The demand was very real: businesses — especially in healthcare and critical manufacturing — needed to see and predict what was happening across their supply chains in real-time. A delay in one shipment could cascade into severe shortages. Our platform helped clients prevent that. By giving them complete visibility and predictive alerts, we enabled faster reactions to disruptions — whether it was a late cargo ship, a grounded plane, or even a storm in a key port. For me, the most meaningful part was knowing the work we did had a ripple effect — helping essential goods reach people who needed them.
In the context of today’s supply chain volatility, what role do you see predictive logistics playing in the broader U.S. economic landscape?
These systems are becoming essential infrastructure — like railroads were a hundred years ago. A pharmaceutical company that gets real-time alerts about customs delays can reroute a shipment and avoid millions in losses. A manufacturer can predict port congestion and adjust production timelines. It’s that level of insight and control that’s turning predictive logistics from a “nice to have” into a competitive necessity.
Looking ahead, as supply chains become even more data-driven and interdependent, how do you see your role evolving — and what kind of projects are you personally aiming to contribute to next?
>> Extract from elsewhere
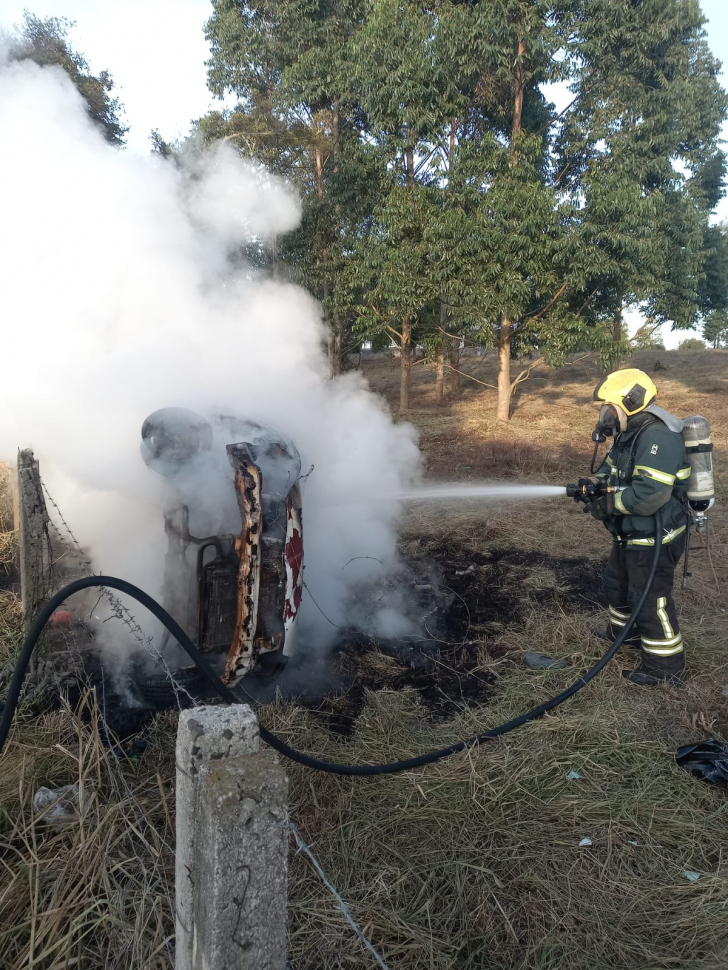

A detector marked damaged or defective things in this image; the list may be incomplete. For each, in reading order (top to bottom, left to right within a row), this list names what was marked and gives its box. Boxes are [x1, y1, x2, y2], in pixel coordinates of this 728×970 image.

I see myself continuing to work at the intersection of infrastructure and intelligence — building systems that not only handle scale and complexity but actually help businesses make better decisions in real-time. I’m especially interested in projects that blend Big Data, automation, and real-world impact — like improving logistics for essential services or using predictive tools to reduce waste in global supply chains. I want to stay close to systems that move the needle — technically and societally.